HT: Where does your interest in piano come from?
Jose Gavilondo: I started studying the instrument at the Manuel Samuel conservatory. I completed basic piano training there. Later, at the Amadeo Roldan music academy, I took some music theory. I then enrolled at the Higher Institute for the Arts (ISA), where I studied composition.
HT: Do you mean to say that creative work is yet another of your professional interests?
JG: Yes, of course. I’ve been composing for 10 years now.
HT: In addition to composing for folk musicians, do you devote any time to your own projects?
JG: I have several projects, or dreams (I don’t know what to call them), where I want to do more personal things, for concert music. I also have other personal projects in genres like fusion, alternative and electronic music. But that’s for further down the road. Right now, I’m focused on my work with folk musicians and other artists who invite me to become a part of their projects.
HT: Of all these genres, do you have any specific preference?
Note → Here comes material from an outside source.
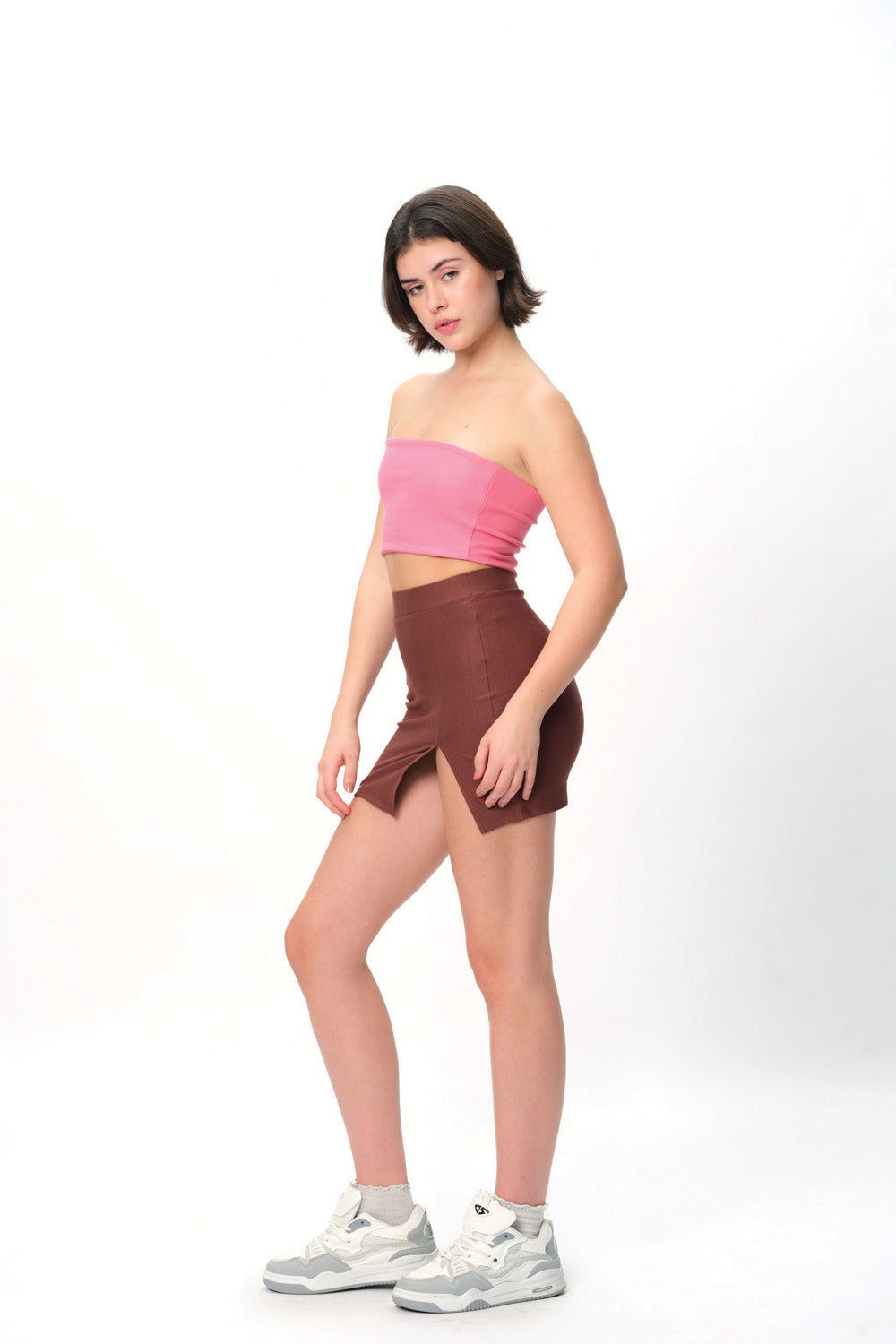 Mocha Solid A-Line Slit Skirt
JG: I don’t believe I have a particular preference. It’s true I’ve been more closely involved with concert music, but I like jazz and alternative music a lot as well. I don’t think I have a preference as such, I like everything as much as the arrangements I compose for folk musicians.
HT: One of those folk musicians is Ariel Diaz.
JG: We’ve been working together for some years now, staging concerts together. We put together a project that was a bit odd for the genre, where the performer never parts with their guitar, an album with a piano and song called Pianisimo. It included 10 new and old songs by Ariel, including an instrumental piece of mine. I did the arrangements and played the piano.
HT: What have different folk musicians contributed to your development as an artist?
JG: There are things they have in common, but every piece is a completely new challenge. I entered the folk music world thanks to Heydi Igualada. She and I put together the band Trevol de Ciudad. We recorded an album titled Camino, a very nice experience, incidentally.
HT: Do you consider yourself a jazz musician?
JG: I am not a jazz musician. In a country with so many good jazz musicians as Cuba, if you aren’t willing to devote yourself to the genre, you shouldn’t do it. I can’t deny, however, that I am influenced by jazz, that’s inevitable.